>>

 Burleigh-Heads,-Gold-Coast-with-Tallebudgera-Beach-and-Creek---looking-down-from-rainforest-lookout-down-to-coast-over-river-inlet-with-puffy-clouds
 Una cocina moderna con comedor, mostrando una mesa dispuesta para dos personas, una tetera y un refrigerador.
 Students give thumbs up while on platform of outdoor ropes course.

<<
>>

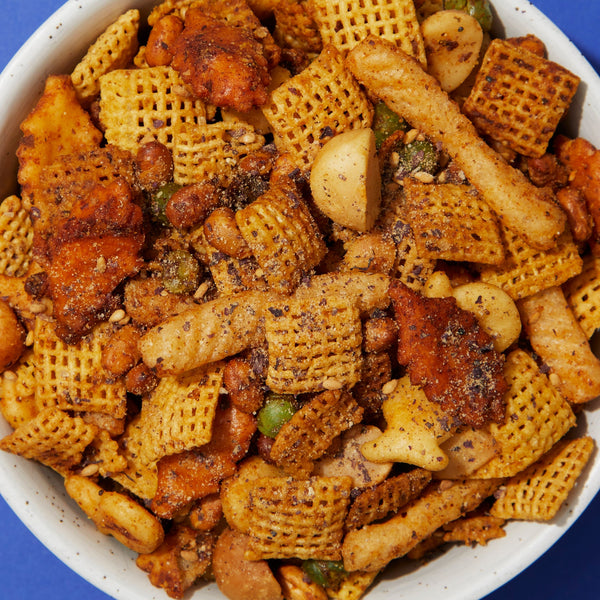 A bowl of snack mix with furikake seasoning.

<<
>>

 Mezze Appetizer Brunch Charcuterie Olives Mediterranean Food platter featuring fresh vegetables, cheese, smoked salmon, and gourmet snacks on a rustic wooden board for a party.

<<

Aim of the task: Everything above from the line with "Una cocina moderna" to the line with "Students give thumbs", both included, must be repeated exactly, and nothing outside that range.

Answer space:
 Una cocina moderna con comedor, mostrando una mesa dispuesta para dos personas, una tetera y un refrigerador.
 Students give thumbs up while on platform of outdoor ropes course.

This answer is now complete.